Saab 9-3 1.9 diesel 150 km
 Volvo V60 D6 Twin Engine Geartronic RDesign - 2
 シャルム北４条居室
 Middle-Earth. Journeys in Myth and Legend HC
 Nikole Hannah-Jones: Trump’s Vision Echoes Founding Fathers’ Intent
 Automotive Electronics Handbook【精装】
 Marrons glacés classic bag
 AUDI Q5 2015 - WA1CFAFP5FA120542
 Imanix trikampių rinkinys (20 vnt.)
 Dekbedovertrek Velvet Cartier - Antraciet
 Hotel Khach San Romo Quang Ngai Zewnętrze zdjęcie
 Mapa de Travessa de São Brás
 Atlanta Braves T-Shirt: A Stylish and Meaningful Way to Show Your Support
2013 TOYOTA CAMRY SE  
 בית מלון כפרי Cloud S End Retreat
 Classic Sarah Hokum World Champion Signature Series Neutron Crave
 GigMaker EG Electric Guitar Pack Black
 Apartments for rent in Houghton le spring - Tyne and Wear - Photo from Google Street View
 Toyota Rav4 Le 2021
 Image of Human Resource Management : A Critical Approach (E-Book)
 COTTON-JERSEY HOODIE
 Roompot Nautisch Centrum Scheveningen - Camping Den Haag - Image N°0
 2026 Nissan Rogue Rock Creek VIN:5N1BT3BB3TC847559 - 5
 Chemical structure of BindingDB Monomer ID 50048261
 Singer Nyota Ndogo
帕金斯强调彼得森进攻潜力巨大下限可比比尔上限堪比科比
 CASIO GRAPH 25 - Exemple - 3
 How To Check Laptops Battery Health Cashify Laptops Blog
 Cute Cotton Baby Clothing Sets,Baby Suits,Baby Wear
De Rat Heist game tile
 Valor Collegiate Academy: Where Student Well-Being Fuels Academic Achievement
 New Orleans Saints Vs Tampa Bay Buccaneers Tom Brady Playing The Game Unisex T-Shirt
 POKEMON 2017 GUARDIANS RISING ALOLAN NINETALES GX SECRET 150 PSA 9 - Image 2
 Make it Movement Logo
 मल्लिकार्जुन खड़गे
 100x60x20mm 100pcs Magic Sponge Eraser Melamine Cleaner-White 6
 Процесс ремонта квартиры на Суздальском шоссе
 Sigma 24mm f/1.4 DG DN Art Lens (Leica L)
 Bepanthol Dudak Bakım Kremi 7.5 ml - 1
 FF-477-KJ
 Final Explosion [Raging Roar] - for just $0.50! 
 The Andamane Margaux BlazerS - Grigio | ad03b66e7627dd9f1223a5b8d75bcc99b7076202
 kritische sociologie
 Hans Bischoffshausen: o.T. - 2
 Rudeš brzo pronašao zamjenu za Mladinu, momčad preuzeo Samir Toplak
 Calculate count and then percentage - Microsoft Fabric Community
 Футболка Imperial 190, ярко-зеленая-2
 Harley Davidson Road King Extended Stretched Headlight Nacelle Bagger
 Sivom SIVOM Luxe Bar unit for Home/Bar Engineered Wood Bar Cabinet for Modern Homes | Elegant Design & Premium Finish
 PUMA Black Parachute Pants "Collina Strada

************

TO DO: Lines containing the word "Black" must be found in the data above and copied.

REPLY:
 GigMaker EG Electric Guitar Pack Black
 PUMA Black Parachute Pants "Collina Strada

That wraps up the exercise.